▶ _What you are asked to do_:
Give the records below again, word for word. No pictures belong in the copy.

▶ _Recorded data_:
= = = =

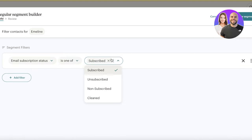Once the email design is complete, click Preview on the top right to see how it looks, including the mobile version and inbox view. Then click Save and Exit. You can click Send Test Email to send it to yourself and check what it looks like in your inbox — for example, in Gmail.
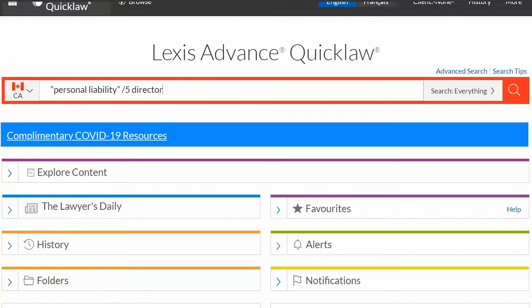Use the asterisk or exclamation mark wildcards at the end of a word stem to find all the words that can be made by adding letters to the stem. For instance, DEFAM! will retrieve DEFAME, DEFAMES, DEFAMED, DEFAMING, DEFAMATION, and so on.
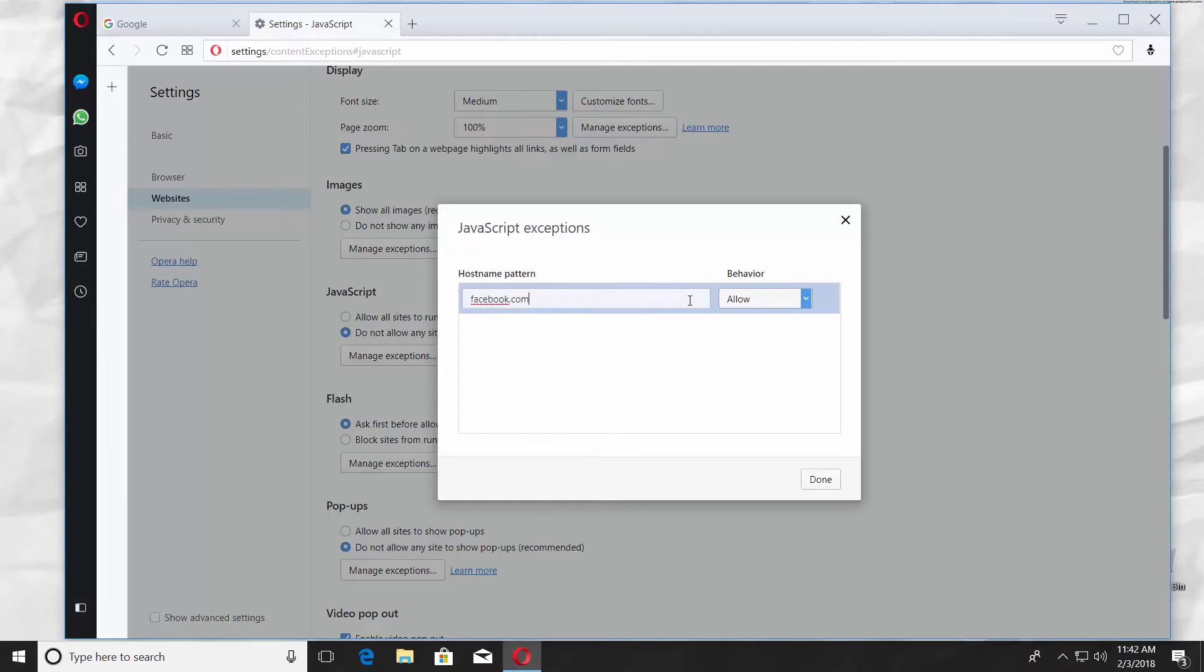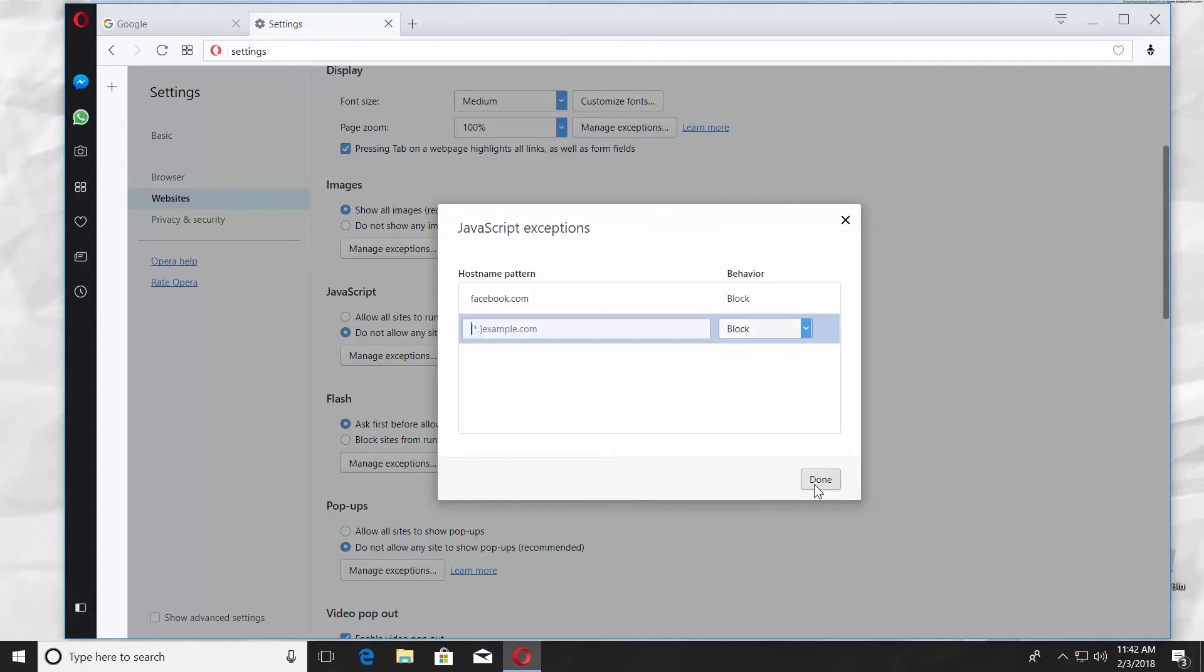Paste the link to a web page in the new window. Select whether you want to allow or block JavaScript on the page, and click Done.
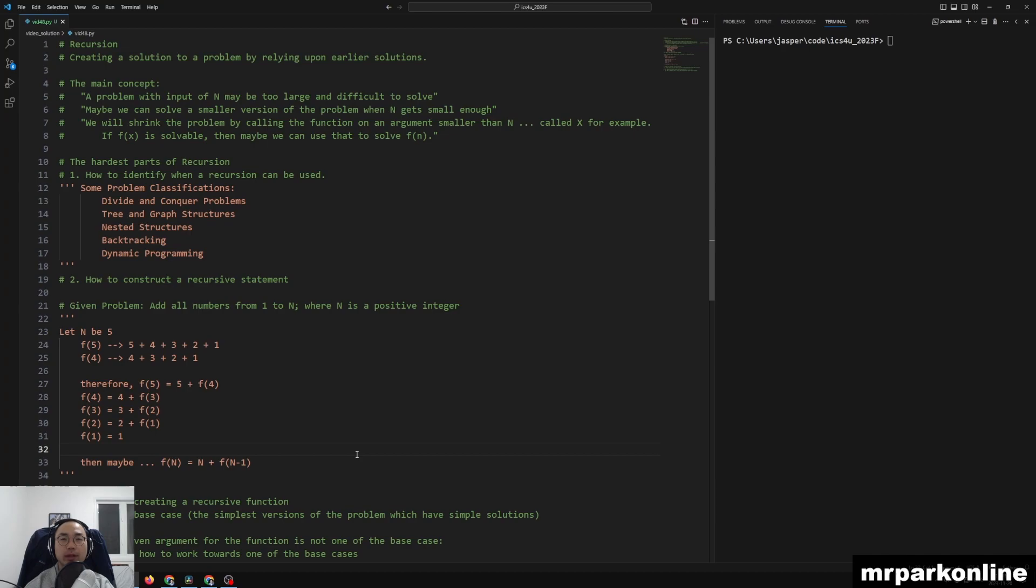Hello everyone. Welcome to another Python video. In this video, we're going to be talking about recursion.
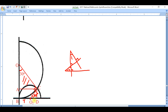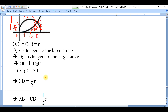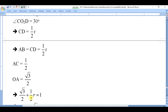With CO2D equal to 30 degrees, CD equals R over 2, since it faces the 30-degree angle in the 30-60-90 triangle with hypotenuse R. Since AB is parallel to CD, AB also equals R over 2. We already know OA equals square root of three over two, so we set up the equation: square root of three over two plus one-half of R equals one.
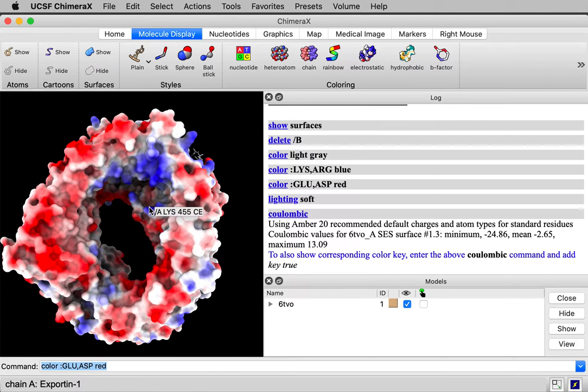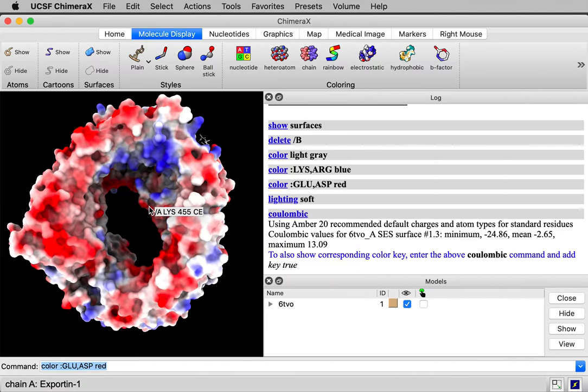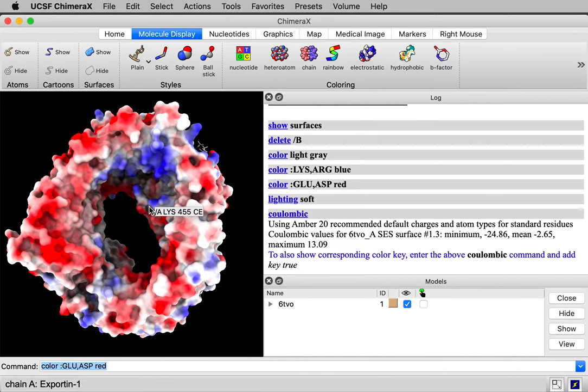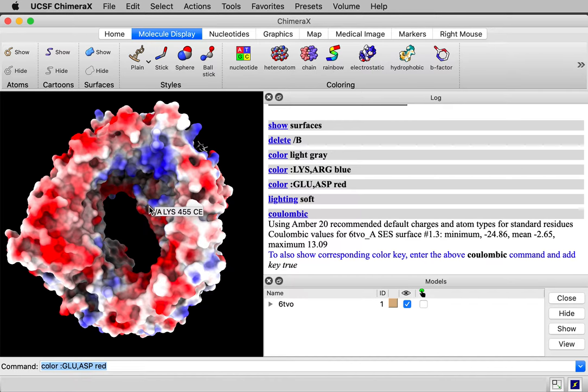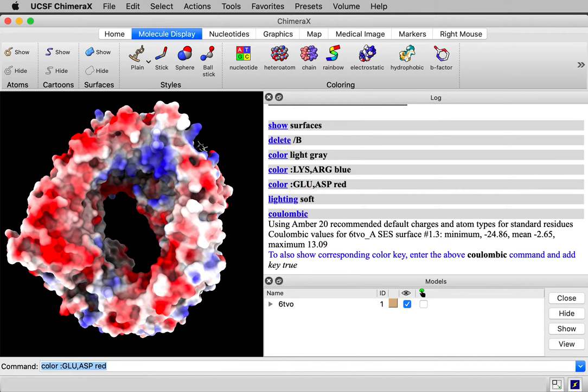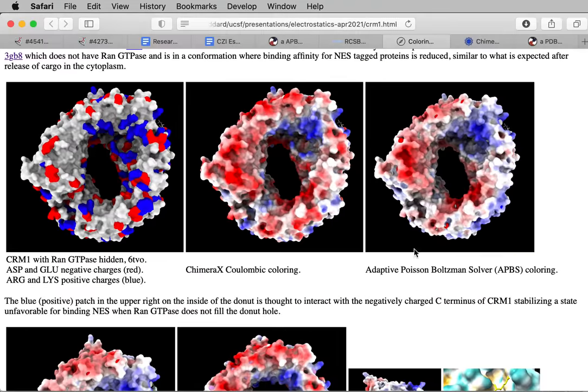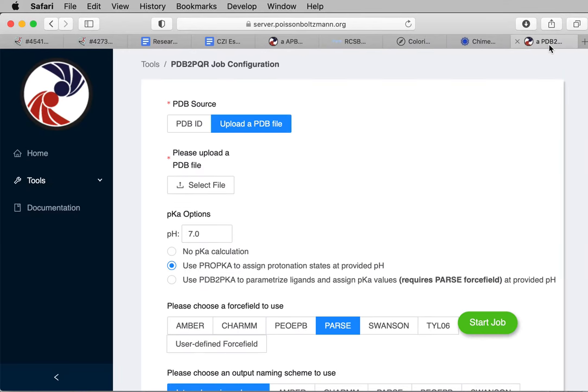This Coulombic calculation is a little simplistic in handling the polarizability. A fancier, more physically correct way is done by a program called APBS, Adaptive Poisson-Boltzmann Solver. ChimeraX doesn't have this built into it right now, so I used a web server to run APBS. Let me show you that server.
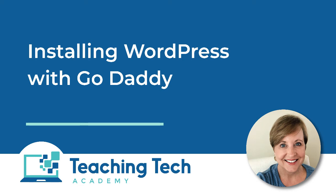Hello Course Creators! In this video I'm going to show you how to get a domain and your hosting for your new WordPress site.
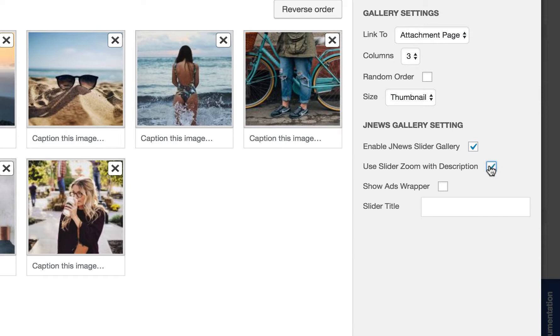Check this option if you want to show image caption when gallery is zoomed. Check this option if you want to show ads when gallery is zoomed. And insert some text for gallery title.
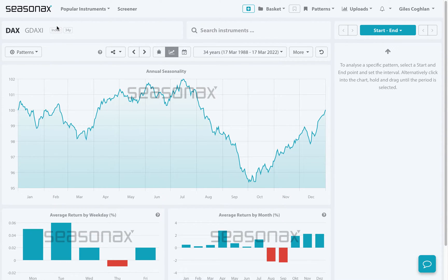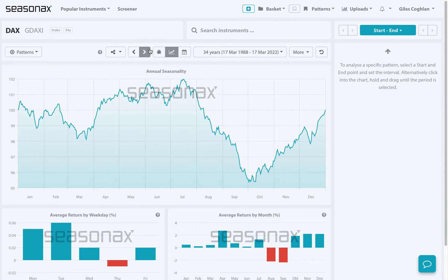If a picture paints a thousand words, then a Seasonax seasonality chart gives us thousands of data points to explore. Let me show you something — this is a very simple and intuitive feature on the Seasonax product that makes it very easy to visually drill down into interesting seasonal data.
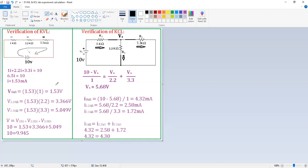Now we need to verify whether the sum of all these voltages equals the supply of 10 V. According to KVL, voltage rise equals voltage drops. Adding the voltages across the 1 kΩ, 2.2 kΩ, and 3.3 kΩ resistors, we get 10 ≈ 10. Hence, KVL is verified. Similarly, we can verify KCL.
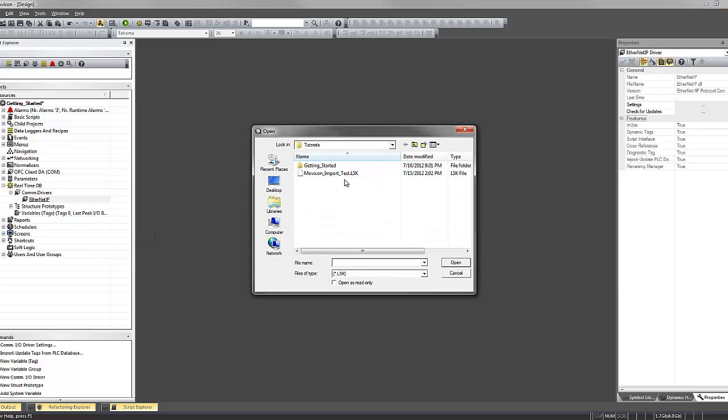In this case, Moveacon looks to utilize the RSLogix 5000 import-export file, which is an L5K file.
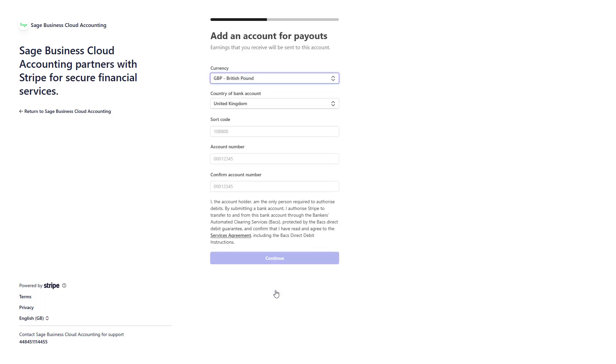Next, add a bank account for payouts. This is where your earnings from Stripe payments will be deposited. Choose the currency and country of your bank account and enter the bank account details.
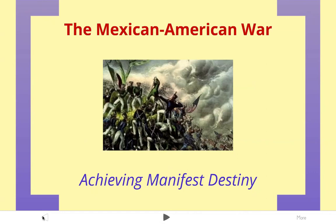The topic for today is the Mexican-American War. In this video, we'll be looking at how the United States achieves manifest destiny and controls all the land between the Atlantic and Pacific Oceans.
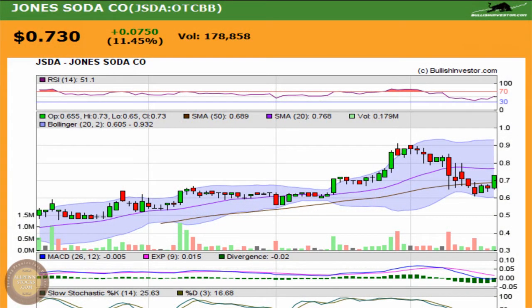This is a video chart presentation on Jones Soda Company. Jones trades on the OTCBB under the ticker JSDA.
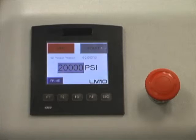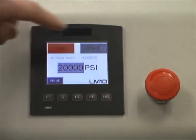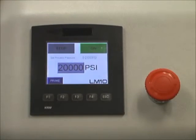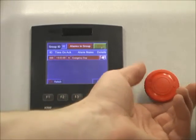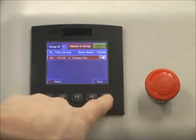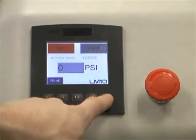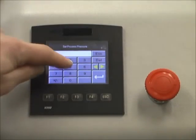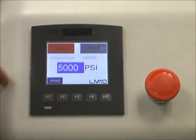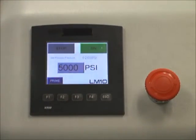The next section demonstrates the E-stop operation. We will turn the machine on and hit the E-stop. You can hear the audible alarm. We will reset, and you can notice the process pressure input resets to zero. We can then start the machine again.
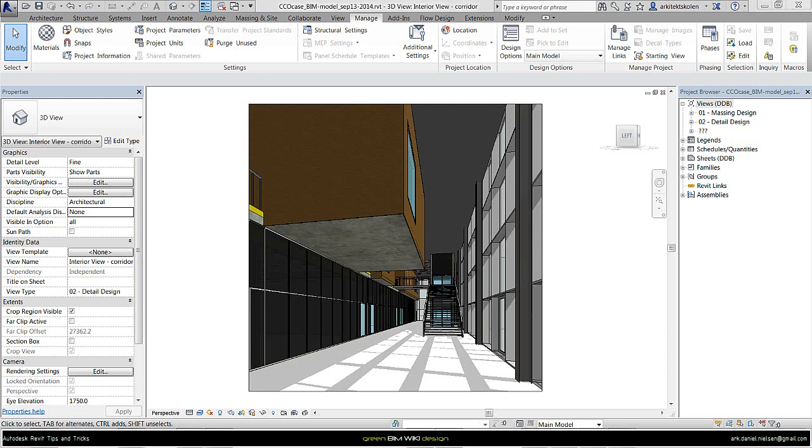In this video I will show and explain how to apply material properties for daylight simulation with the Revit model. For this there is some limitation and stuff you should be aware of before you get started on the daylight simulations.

= = = =

▶ _Output of the exercise_:
Once the email design is complete, click Preview on the top right to see how it looks, including the mobile version and inbox view. Then click Save and Exit. You can click Send Test Email to send it to yourself and check what it looks like in your inbox — for example, in Gmail.
Use the asterisk or exclamation mark wildcards at the end of a word stem to find all the words that can be made by adding letters to the stem. For instance, DEFAM! will retrieve DEFAME, DEFAMES, DEFAMED, DEFAMING, DEFAMATION, and so on.
Paste the link to a web page in the new window. Select whether you want to allow or block JavaScript on the page, and click Done.
Hello everyone. Welcome to another Python video. In this video, we're going to be talking about recursion.
With CO2D equal to 30 degrees, CD equals R over 2, since it faces the 30-degree angle in the 30-60-90 triangle with hypotenuse R. Since AB is parallel to CD, AB also equals R over 2. We already know OA equals square root of three over two, so we set up the equation: square root of three over two plus one-half of R equals one.
This Coulombic calculation is a little simplistic in handling the polarizability. A fancier, more physically correct way is done by a program called APBS, Adaptive Poisson-Boltzmann Solver. ChimeraX doesn't have this built into it right now, so I used a web server to run APBS. Let me show you that server.
Hello Course Creators! In this video I'm going to show you how to get a domain and your hosting for your new WordPress site.
Check this option if you want to show image caption when gallery is zoomed. Check this option if you want to show ads when gallery is zoomed. And insert some text for gallery title.
If a picture paints a thousand words, then a Seasonax seasonality chart gives us thousands of data points to explore. Let me show you something — this is a very simple and intuitive feature on the Seasonax product that makes it very easy to visually drill down into interesting seasonal data.
Now we need to verify whether the sum of all these voltages equals the supply of 10 V. According to KVL, voltage rise equals voltage drops. Adding the voltages across the 1 kΩ, 2.2 kΩ, and 3.3 kΩ resistors, we get 10 ≈ 10. Hence, KVL is verified. Similarly, we can verify KCL.
In this case, Moveacon looks to utilize the RSLogix 5000 import-export file, which is an L5K file.
Next, add a bank account for payouts. This is where your earnings from Stripe payments will be deposited. Choose the currency and country of your bank account and enter the bank account details.
The topic for today is the Mexican-American War. In this video, we'll be looking at how the United States achieves manifest destiny and controls all the land between the Atlantic and Pacific Oceans.
This is a video chart presentation on Jones Soda Company. Jones trades on the OTCBB under the ticker JSDA.
The next section demonstrates the E-stop operation. We will turn the machine on and hit the E-stop. You can hear the audible alarm. We will reset, and you can notice the process pressure input resets to zero. We can then start the machine again.
In this video I will show and explain how to apply material properties for daylight simulation with the Revit model. For this there is some limitation and stuff you should be aware of before you get started on the daylight simulations.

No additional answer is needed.